* Supplied entries

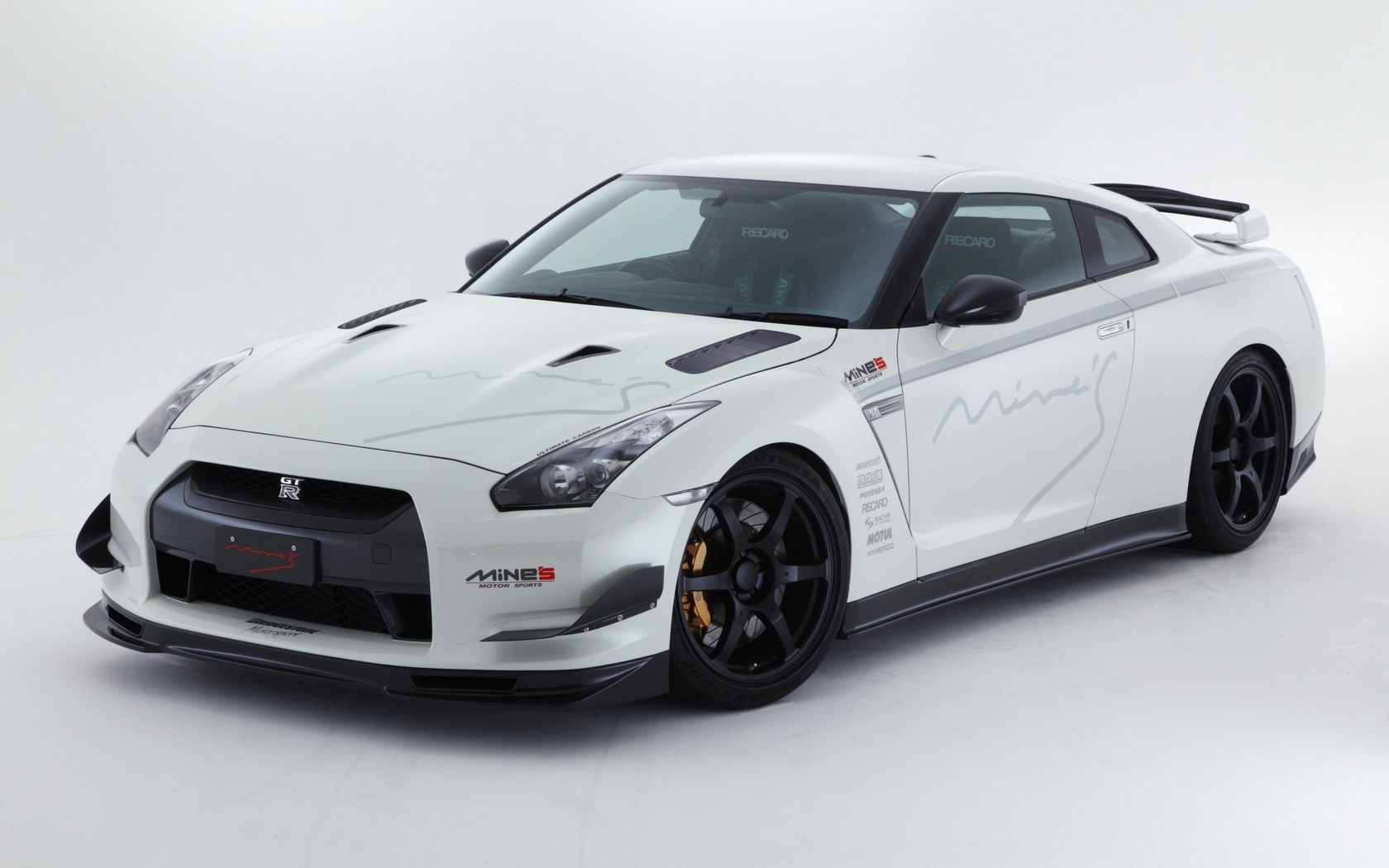 Nissan Skyline R35
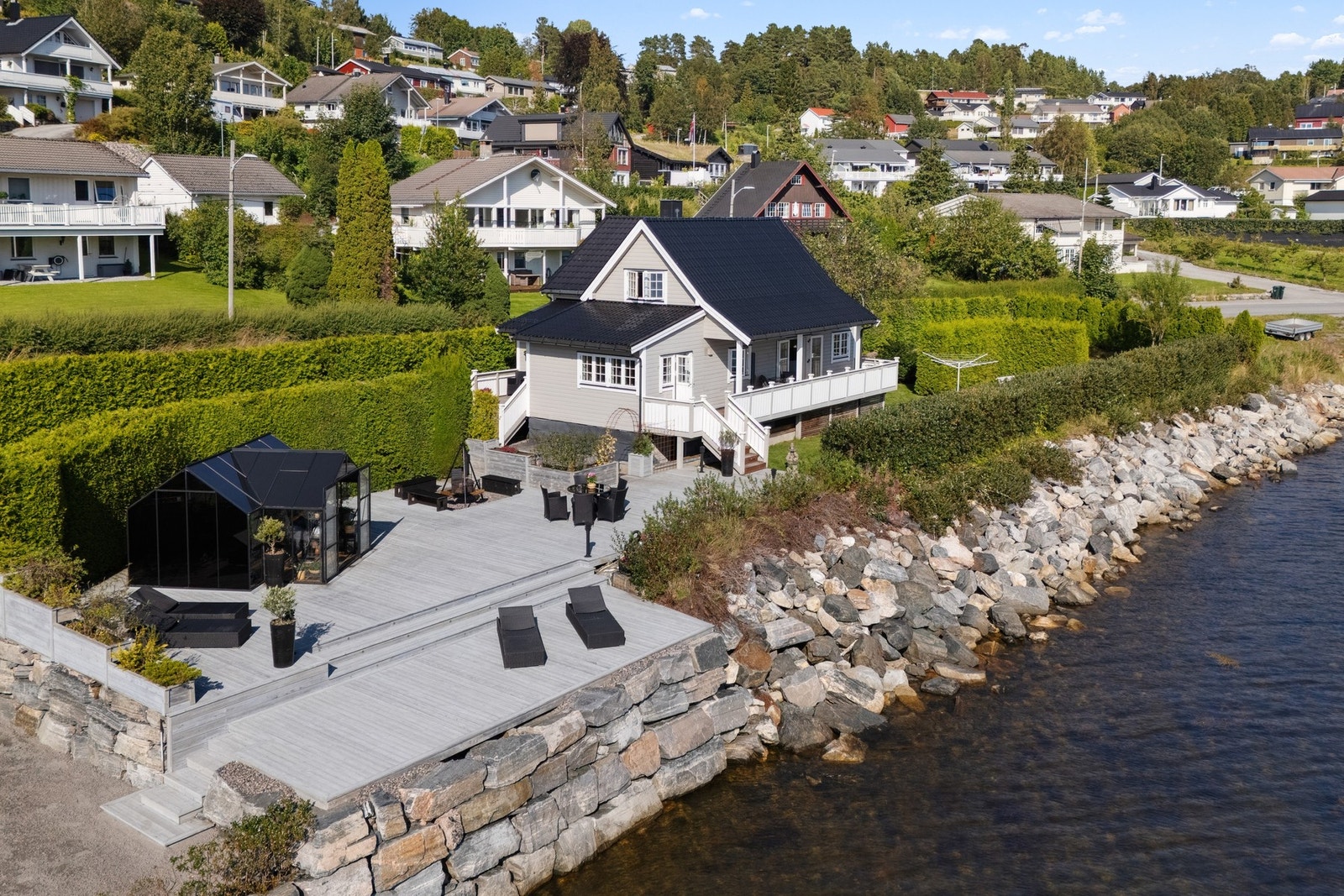 Det gjøres oppmerksom på at platten, moloen og utestuen ikke er omsøkt og godkjent av kommunen. Galleribilde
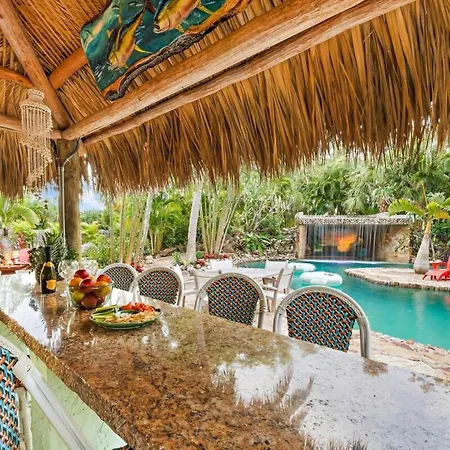 Kontiki Falls! Jupiter'S Exclusive Private Resort-2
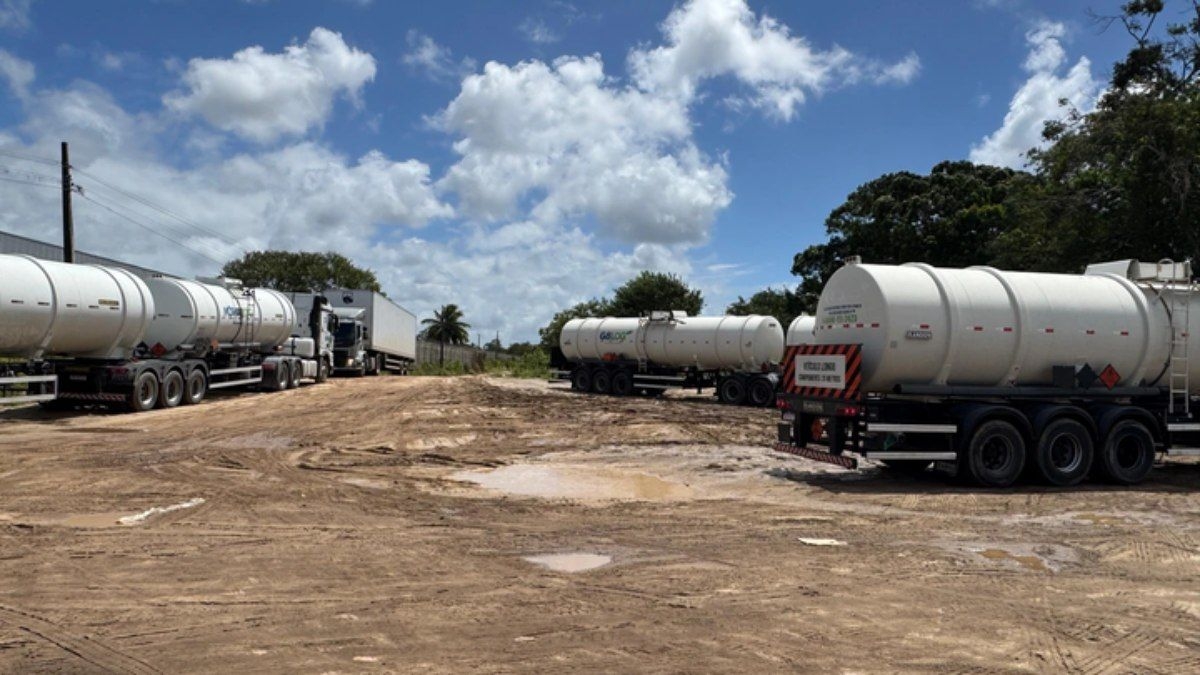Carretas ligadas ao PCC saem de posto na Bahia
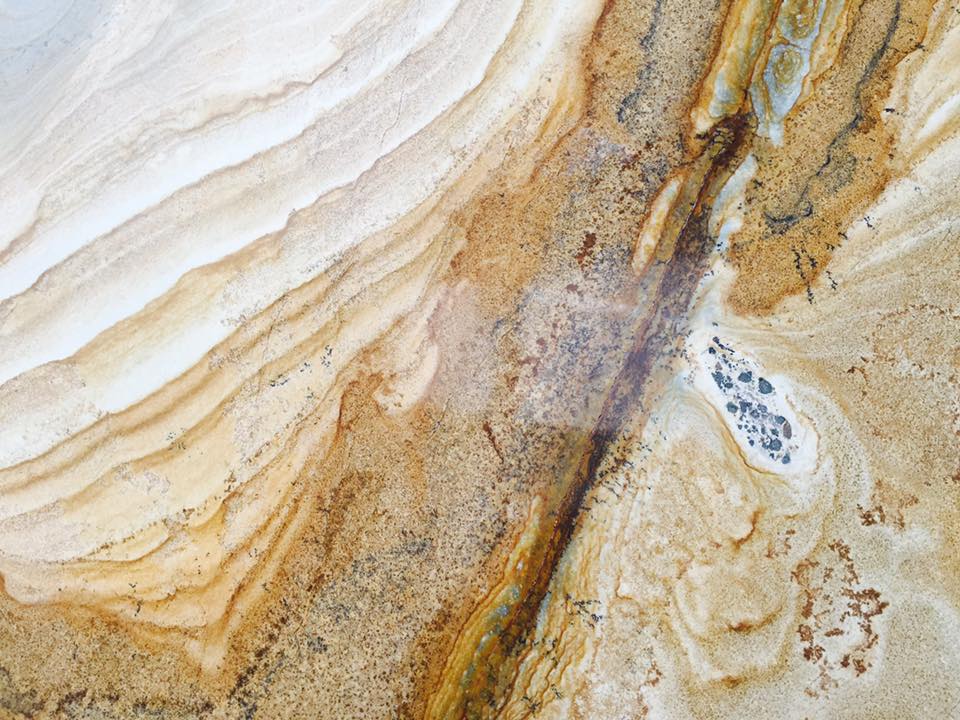 LinegarStone's tweet image. This Palomino is a one-of-a-kind granite, although interesting it does make a great countertop!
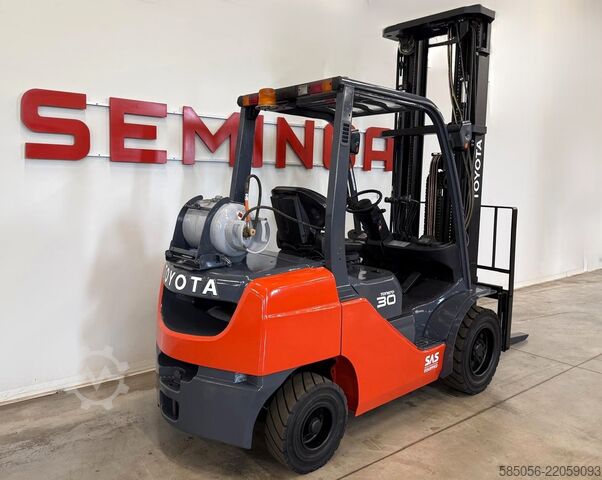 Forklift Toyota 11252 - 8FGF30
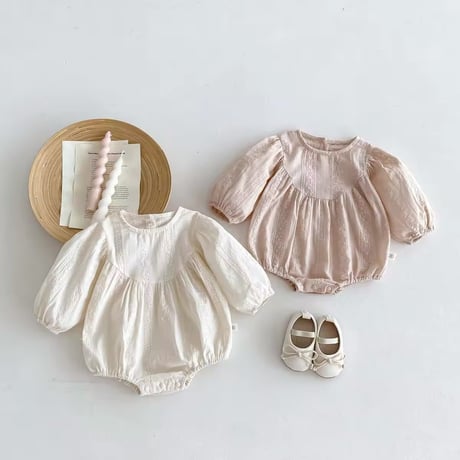 beige/moca コットンレースロンパース(953)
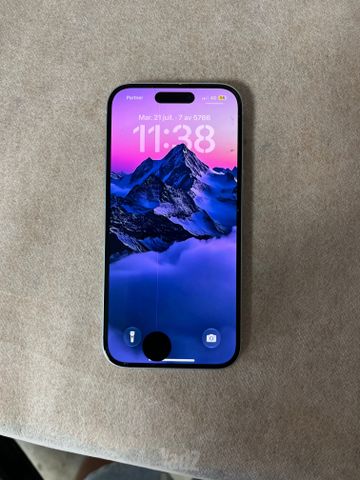 iPhone 15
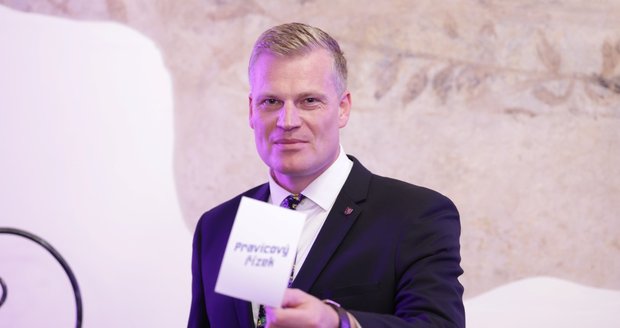Příliš neřízený Turek?! Do vlády chce jako ministr zahraničí, Babiš s ním může mít problém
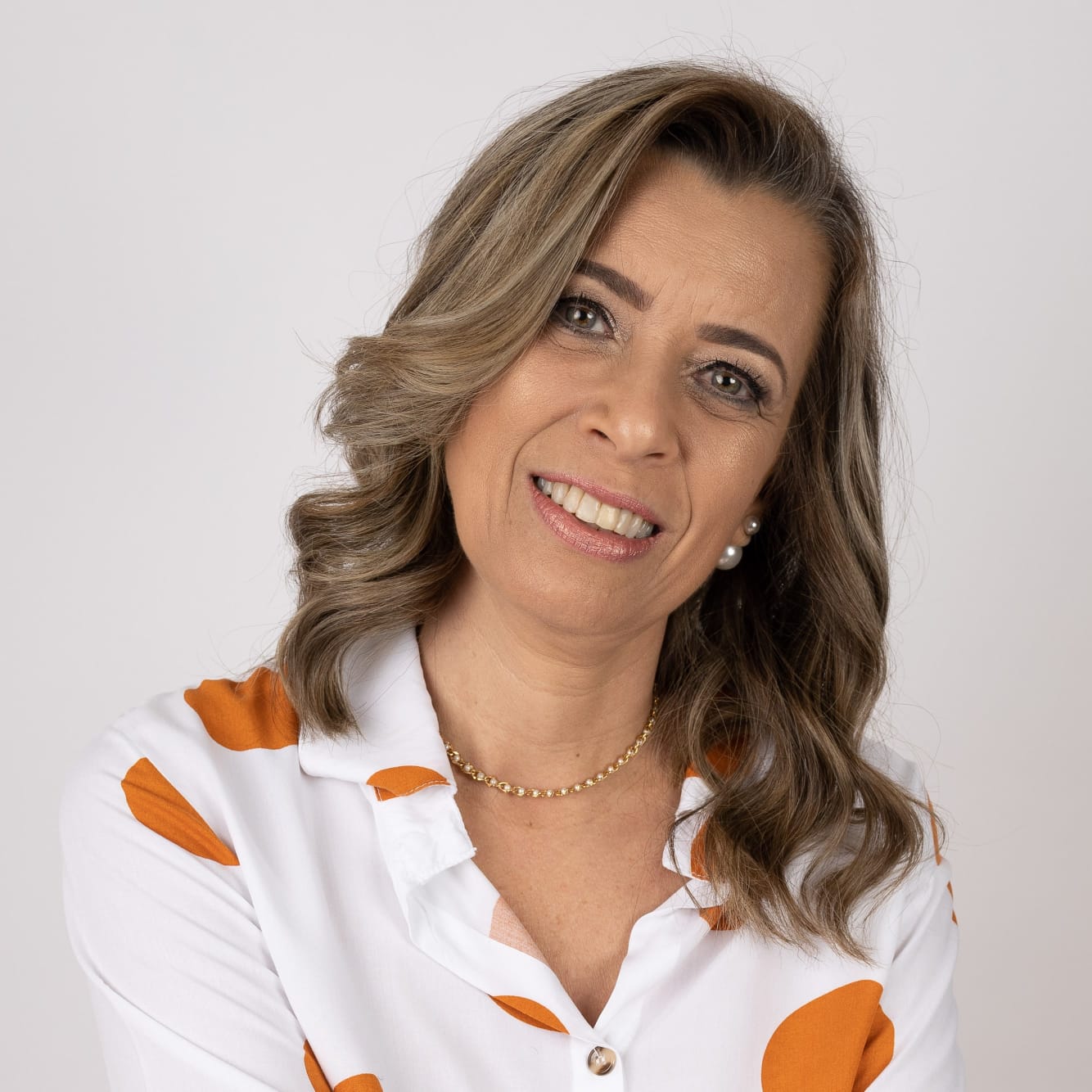 Dra. Luciane Bonelli 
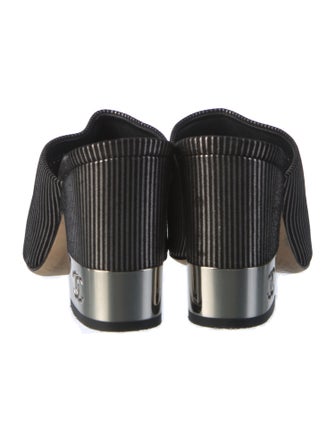 Chanel 2018 Interlocking CC Logo Slides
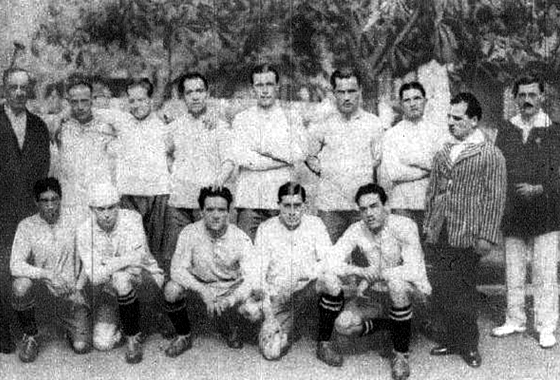 Jogadores do Uruguai no Sul-Americano, 1920, quando venceram o Brasil por 6 a 0. Crédito: AUF/divulgação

* Exercise requirements
Should a picture appear among the entries, skip it and copy the rest exactly.

* Output below
 Nissan Skyline R35
 Det gjøres oppmerksom på at platten, moloen og utestuen ikke er omsøkt og godkjent av kommunen. Galleribilde
 Kontiki Falls! Jupiter'S Exclusive Private Resort-2
Carretas ligadas ao PCC saem de posto na Bahia
 LinegarStone's tweet image. This Palomino is a one-of-a-kind granite, although interesting it does make a great countertop!
 Forklift Toyota 11252 - 8FGF30
 beige/moca コットンレースロンパース(953)
 iPhone 15
Příliš neřízený Turek?! Do vlády chce jako ministr zahraničí, Babiš s ním může mít problém
 Dra. Luciane Bonelli 
 Chanel 2018 Interlocking CC Logo Slides
 Jogadores do Uruguai no Sul-Americano, 1920, quando venceram o Brasil por 6 a 0. Crédito: AUF/divulgação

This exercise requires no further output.